* Recorded data *
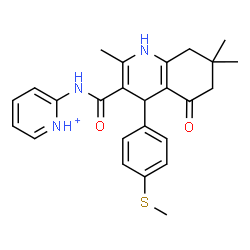 ChemSpider 2D Image | 2-[({2,7,7-Trimethyl-4-[4-(methylsulfanyl)phenyl]-5-oxo-1,4,5,6,7,8-hexahydro-3-quinolinyl}carbonyl)amino]pyridinium | C25H28N3O2S
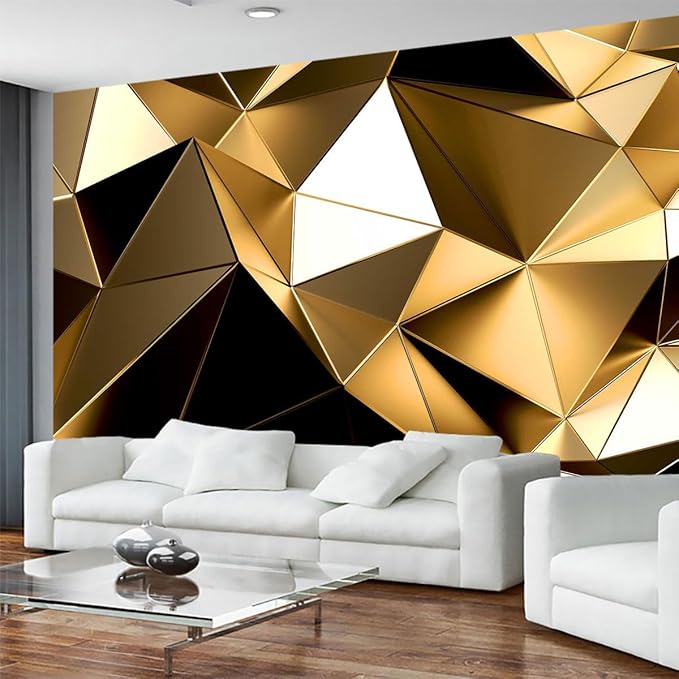 Golden 3D Geometric Lines Wallpaper for Large Background Wall murals, for Sofa Background Wall, TV Background Wall(Non-self-Adhesive)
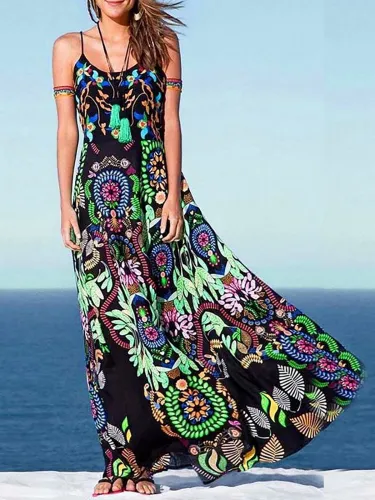 Boho Spaghetti Cotton-blend Boho Dress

* Task details *
Transcribe only the lines from the one holding "Golden 3D Geometric" through the last line of the listing above, inclusive, and do not include the pictures.

* Response *
 Golden 3D Geometric Lines Wallpaper for Large Background Wall murals, for Sofa Background Wall, TV Background Wall(Non-self-Adhesive)
 Boho Spaghetti Cotton-blend Boho Dress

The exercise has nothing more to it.